Do you have some argument that your proposed formula are optimal?

[-]Scott Garrabrant7y30

What do you mean by optimal?

If you mean they are proper (i.e. incentivize honest reporting), gjm's comment gives a quick sketch of a proof.

[-]tunesmith4y10

Is there a way to adjust this to support better scores for tighter confidence intervals?

For instance, using natural log, with a range of 8-10 and a true value of 10, I get -0.2231 whether I pick a 90% confidence interval, or a 95% confidence interval (coefficient of 40). It'd be nice if the latter scored better.

[-]Kevin S. Van Horn7y10

[Edit: I'm retracting this comment, as I made some incorrect assumptions about Scott's claim.] This is wrong. It is well known that the only strictly proper scoring rule that depends only on the probability at the actually occurring value is the logarithmic scoring rule (if there are more than two alternatives), or translations and/or positive scaling of the same. In this case, that would be log(Normal(x | mu, sigma)), where x is the value that occurs, and mu and sigma^2 are the mean and variance of the normal distribution that fits the interval you defined at the given confidence level. This may be simplified to

-log(sigma^2) - (x - mu)^2 / sigma^2.

Your scoring rule is not a translation and/or positive scaling of the logarithmic scoring rule.

[-]Scott Garrabrant7y10

Throwing out an attempt to resolve the disagreement, sorry if this is actually what we are disagreeing about:

Am unknownigly using words that imply that I care about normal distributions? I am imagining getting honest reporting out of an agent trying to maximize expected score, but with arbitrary beliefs. I am only trying to get an honest reporting of the subjective 5th and 95th percentiles, and am not trying to get any other information.

[-]Kevin S. Van Horn7y30

I'm used to seeing normal (or log-normal) distributions fit to subjective confidence intervals -- because the confidence intervals are being used to do some subjective probabilistic analysis. I assumed that was what you were doing, given that you were using the actual attained value x, and not just which of the three possibilities A:(x < left), B:(left < x < right), and C:(right < x) occurred.

Hmmm... you seem to have evaded the theorem about the only strictly proper local scoring rule being the logarithmic score, by only seeking to find the confidence interval, but using more information than just the region (A, B, or C) the outcome belongs to.

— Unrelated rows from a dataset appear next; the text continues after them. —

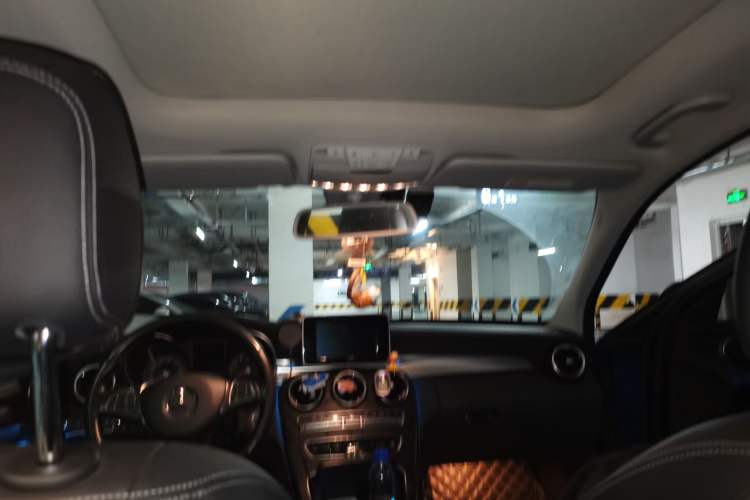 Used Mercedes-Benz C-Class 2017 Facelift C 200 L Sport Edition
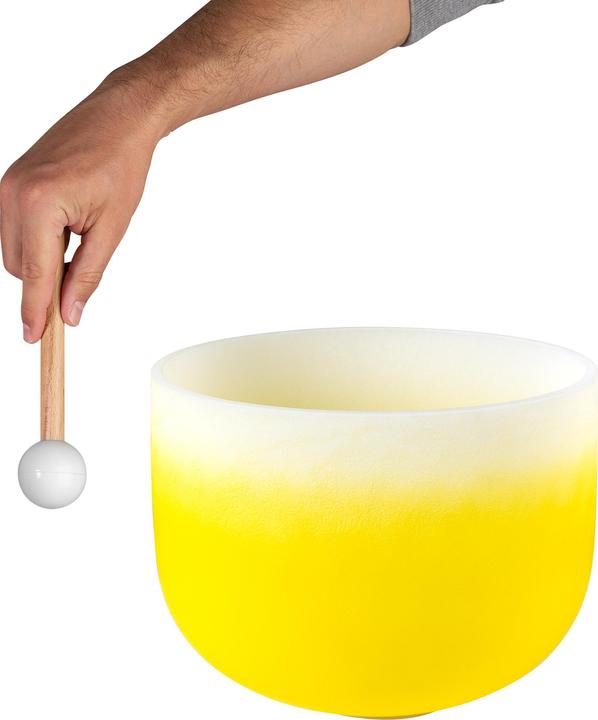 Actual product image Sela Singing bowl set SECCU Chakra 432 Hz (Percussion, Singing bowl)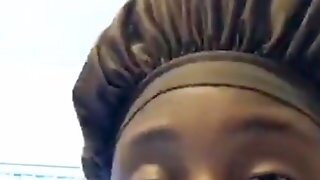 Periscope Ebony Big Tits
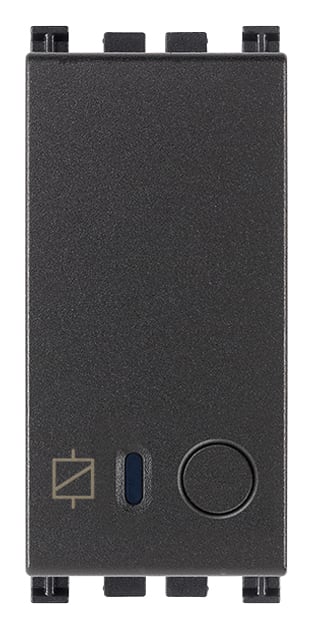 VIMAR - ATTUATORE A RELE 1M GRIGIO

It would help to see a proof of the claim; do you have a reference or a link to a URL giving the proof?

[-]Scott Garrabrant7y10

I dont have a reference. gjm's comment gives a quick sketch.

[-]Scott Garrabrant7y30

Oh, a quick thing thats not a proof that may convince you it is true:

It works exactly the same way as saying that measuring the distance between reported value and true value incentivizes honest reporting of your median. (The point you think it the true value is above with probability 50%)

[-]Scott Garrabrant7y10

This scoring rule does not depend only on the probability at the actually occuring value. You dont even report the probability at any value. I am not trying to incentivize reporting of probabilities of specific value, I am trying to incentivize reporting an interval such that the person reporting the belief believes the point will lie in with probability $90 %$ .

Your rule seems to be trying to do something else, but it will not incentivize me giving my $90 %$ confidence interval in cases where my beliefs are not normally distributed.